Task requirements: Look through the listing below for the line containing "Removal. On the". Copy it and each line after it up to and including the line containing "Now this might", exactly, leaving out pictures.

Data for the task:

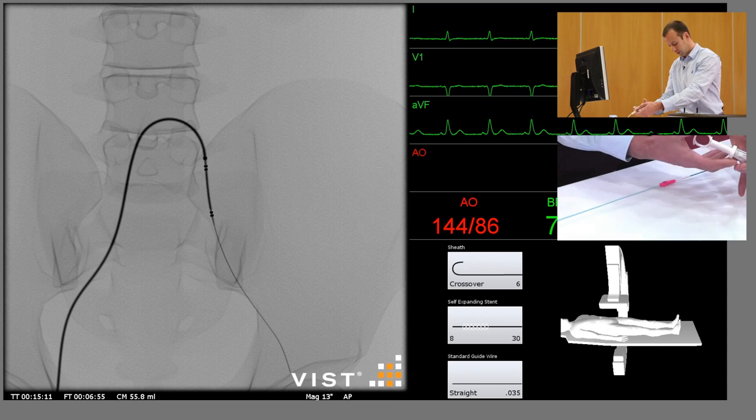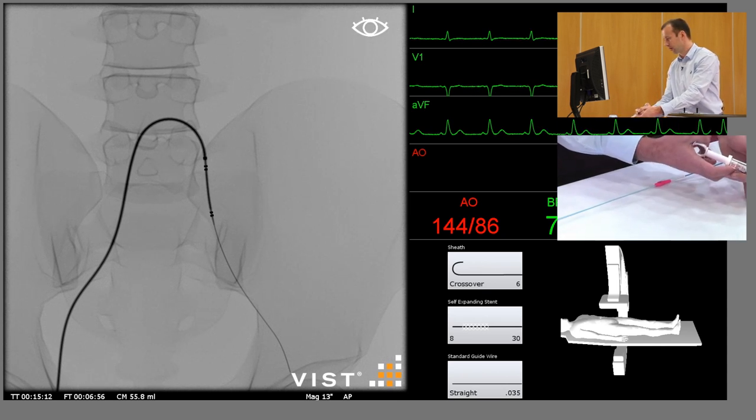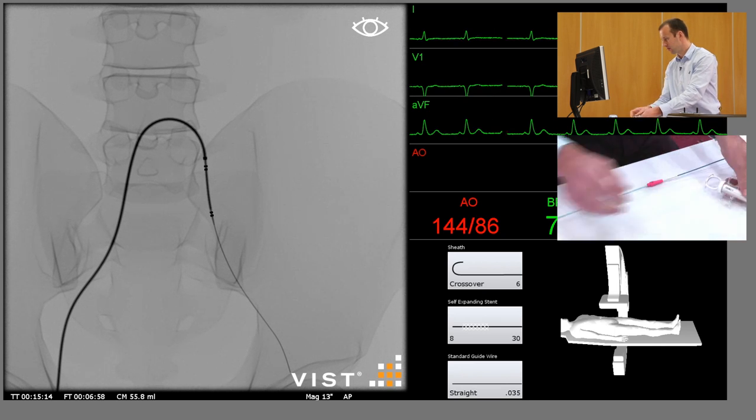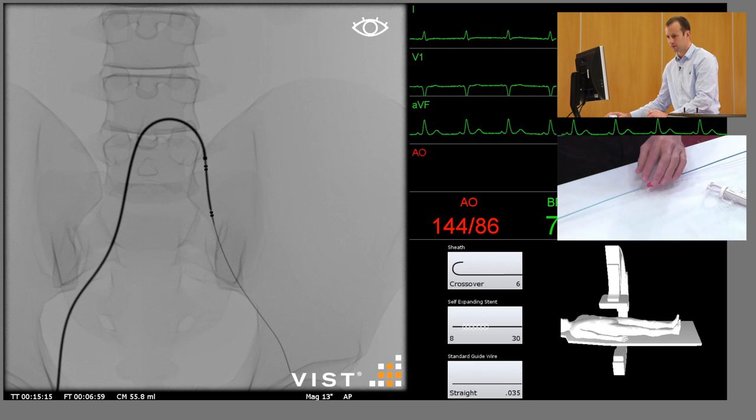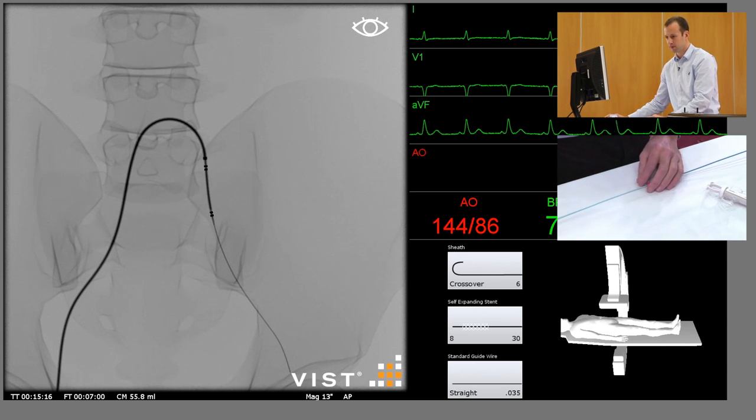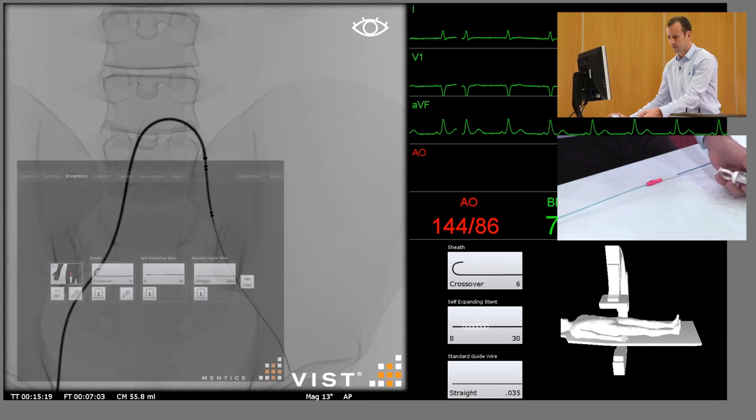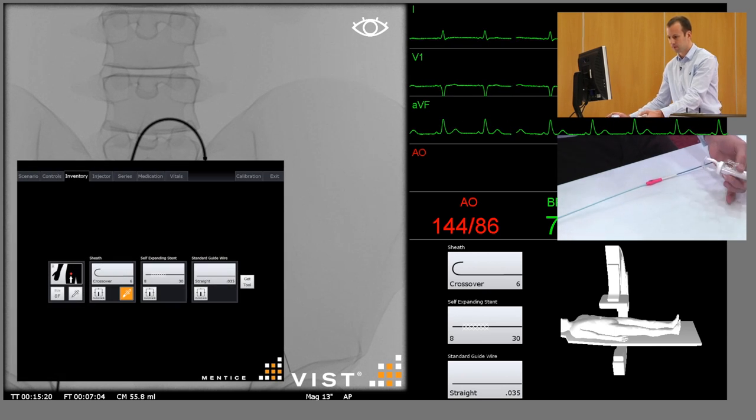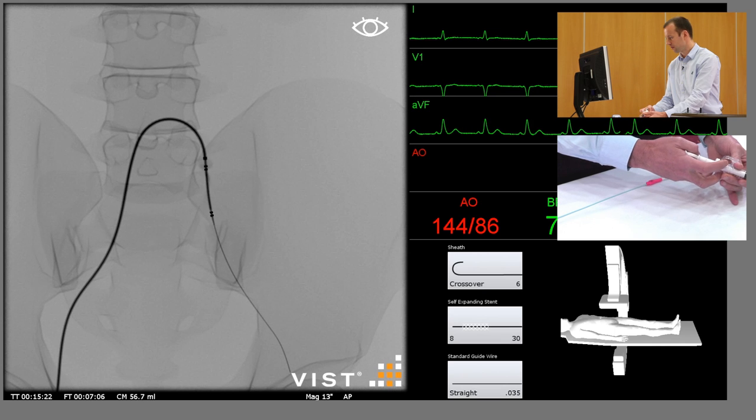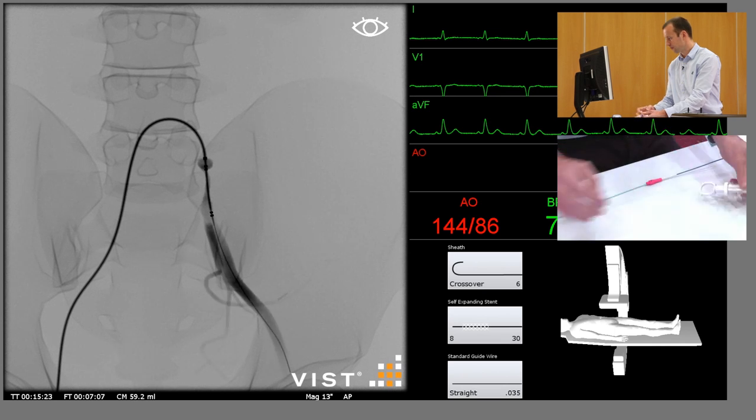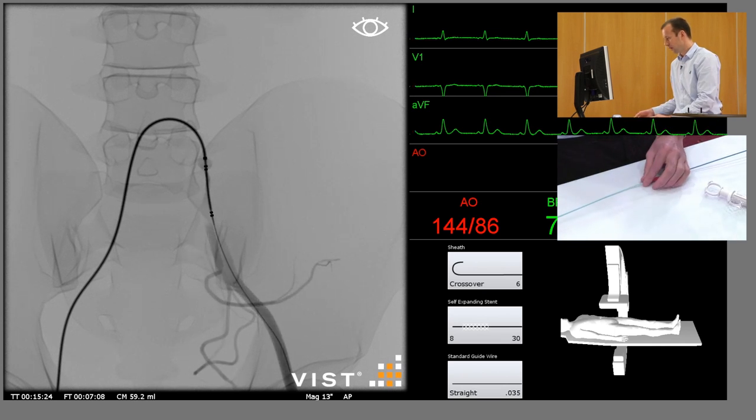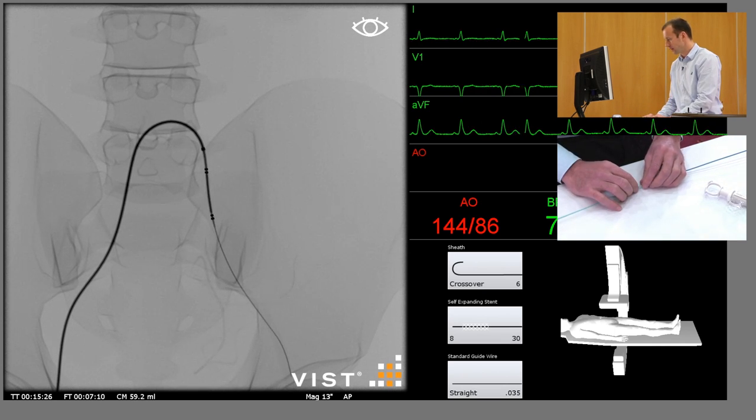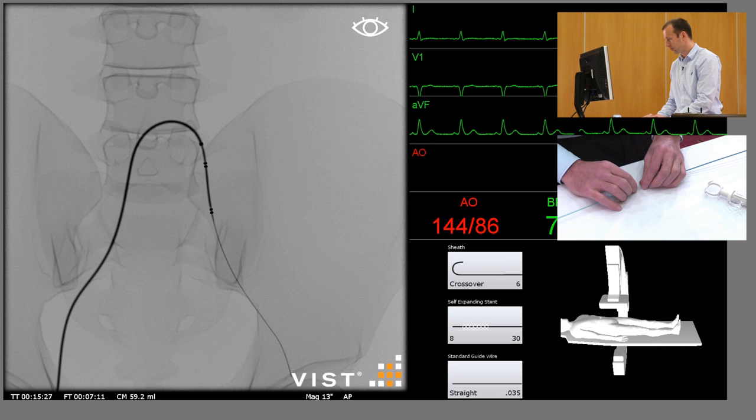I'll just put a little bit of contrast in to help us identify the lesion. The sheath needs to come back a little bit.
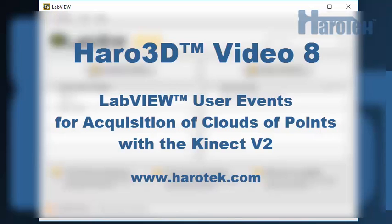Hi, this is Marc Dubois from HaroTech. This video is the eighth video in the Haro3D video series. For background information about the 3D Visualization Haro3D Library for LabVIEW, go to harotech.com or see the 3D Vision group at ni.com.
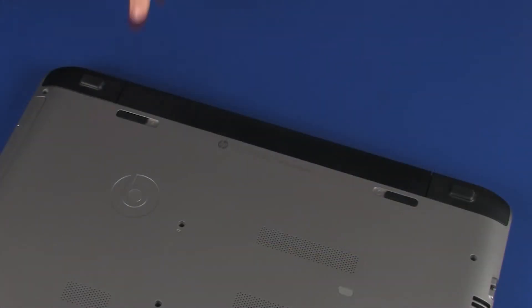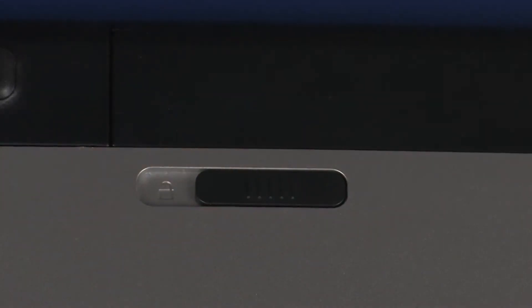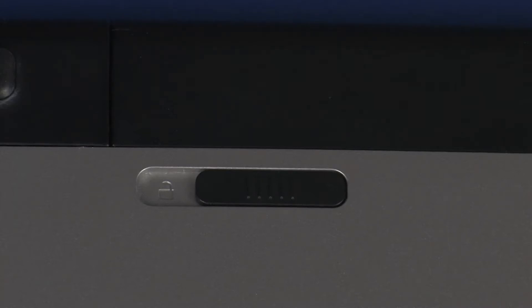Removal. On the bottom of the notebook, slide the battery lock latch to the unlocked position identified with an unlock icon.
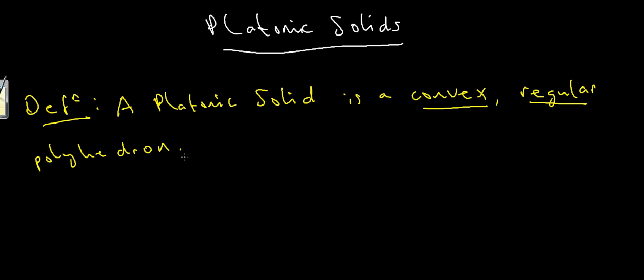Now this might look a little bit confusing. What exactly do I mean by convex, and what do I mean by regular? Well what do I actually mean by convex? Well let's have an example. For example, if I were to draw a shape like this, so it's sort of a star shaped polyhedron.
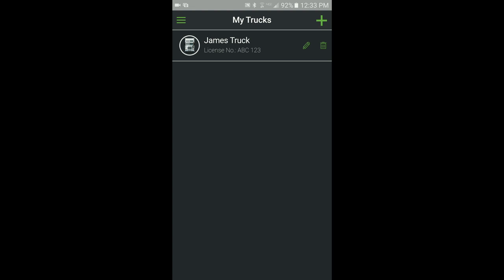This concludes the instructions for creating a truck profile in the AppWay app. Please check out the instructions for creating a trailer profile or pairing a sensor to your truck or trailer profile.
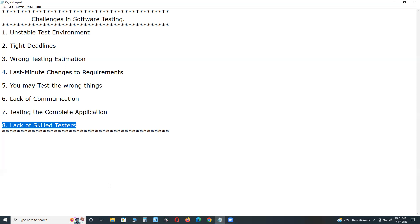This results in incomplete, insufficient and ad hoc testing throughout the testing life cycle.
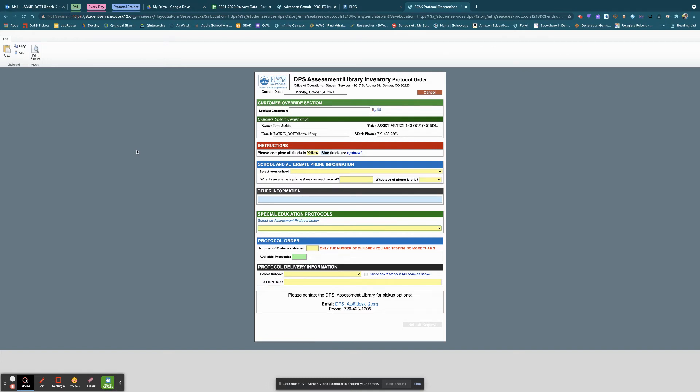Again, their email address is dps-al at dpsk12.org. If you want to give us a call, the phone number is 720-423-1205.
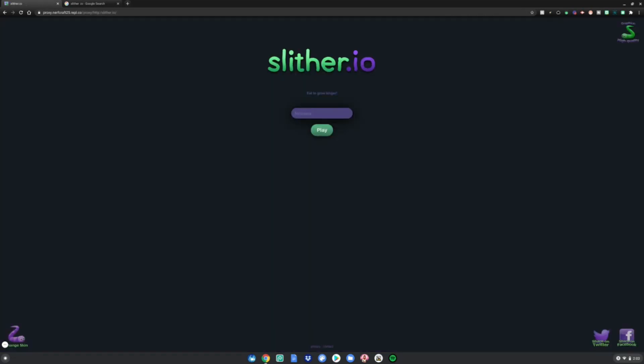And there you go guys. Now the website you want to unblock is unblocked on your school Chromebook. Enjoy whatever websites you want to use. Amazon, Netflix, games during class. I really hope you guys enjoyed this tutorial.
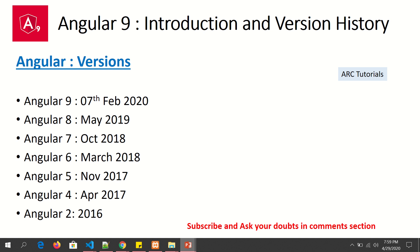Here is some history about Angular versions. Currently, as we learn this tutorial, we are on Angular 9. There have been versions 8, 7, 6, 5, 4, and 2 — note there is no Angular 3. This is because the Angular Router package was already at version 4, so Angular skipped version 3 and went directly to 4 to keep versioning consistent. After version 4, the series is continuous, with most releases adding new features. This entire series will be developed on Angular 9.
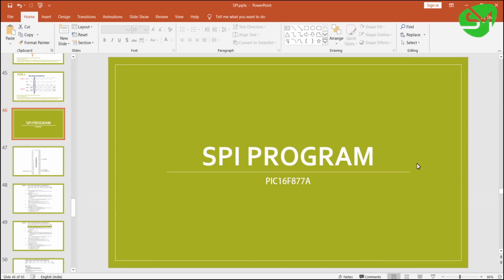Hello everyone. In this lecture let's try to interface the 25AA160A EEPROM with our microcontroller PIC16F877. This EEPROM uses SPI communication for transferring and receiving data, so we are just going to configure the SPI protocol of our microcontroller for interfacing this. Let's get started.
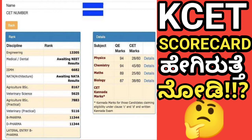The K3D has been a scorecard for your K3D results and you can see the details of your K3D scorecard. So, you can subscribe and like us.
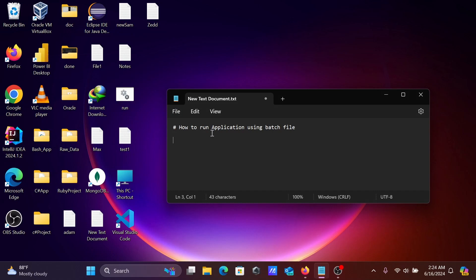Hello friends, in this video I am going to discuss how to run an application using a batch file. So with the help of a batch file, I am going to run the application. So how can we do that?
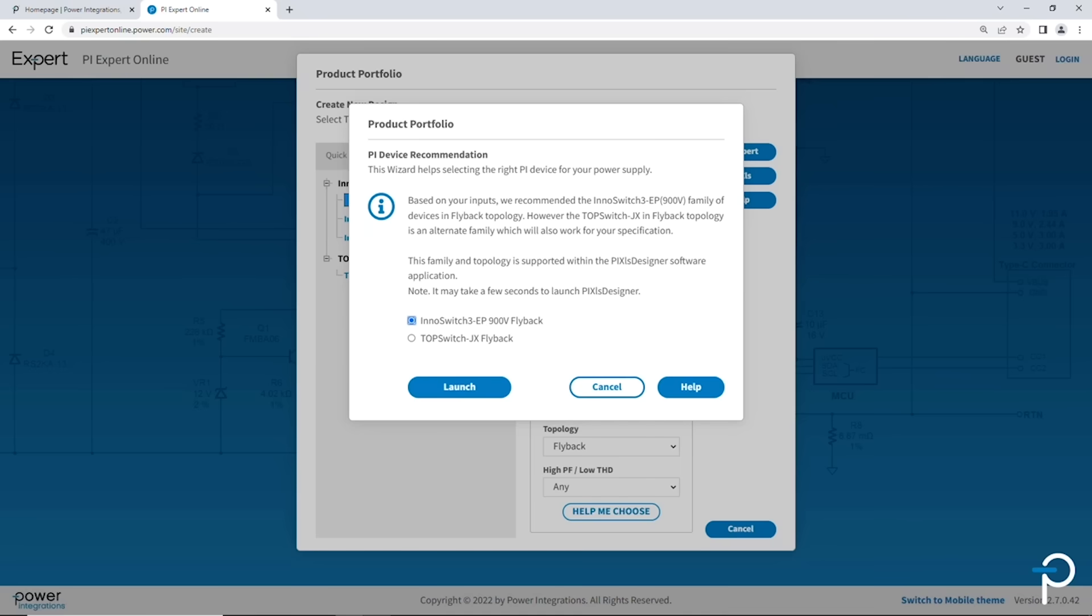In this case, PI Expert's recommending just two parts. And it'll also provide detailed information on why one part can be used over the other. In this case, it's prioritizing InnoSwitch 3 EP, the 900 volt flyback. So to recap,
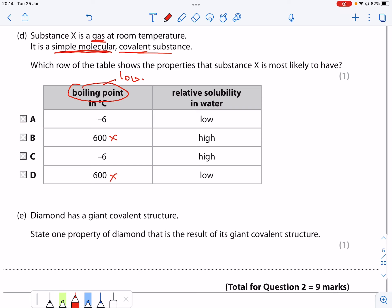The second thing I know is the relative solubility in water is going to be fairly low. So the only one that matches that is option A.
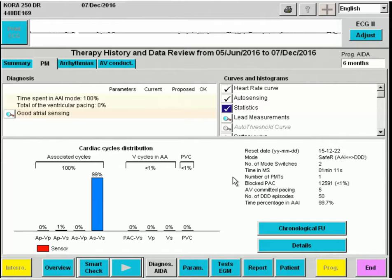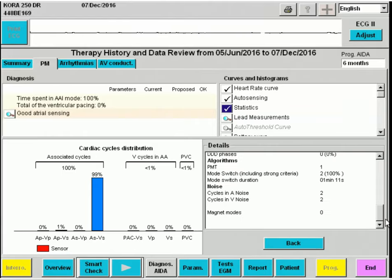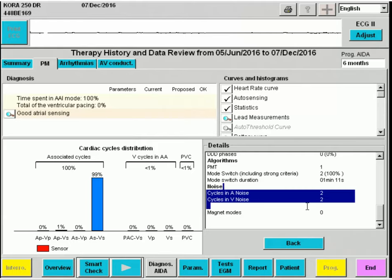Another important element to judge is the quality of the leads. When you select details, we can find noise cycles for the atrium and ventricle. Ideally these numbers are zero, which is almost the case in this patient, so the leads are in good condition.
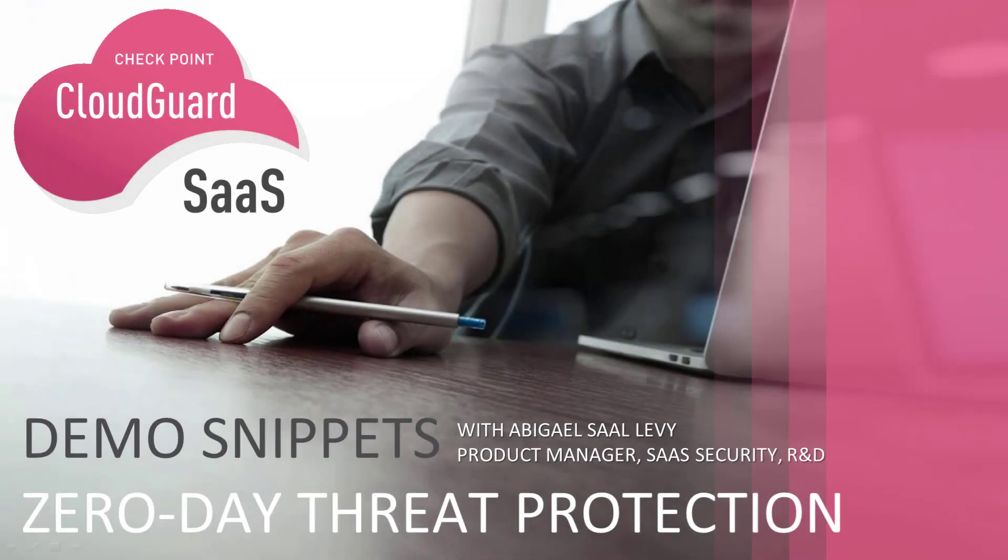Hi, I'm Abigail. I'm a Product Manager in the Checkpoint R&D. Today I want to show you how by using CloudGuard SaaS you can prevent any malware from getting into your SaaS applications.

Solution for this task:
Removal. On the bottom of the notebook, slide the battery lock latch to the unlocked position identified with an unlock icon.
Now this might look a little bit confusing. What exactly do I mean by convex, and what do I mean by regular? Well what do I actually mean by convex? Well let's have an example. For example, if I were to draw a shape like this, so it's sort of a star shaped polyhedron.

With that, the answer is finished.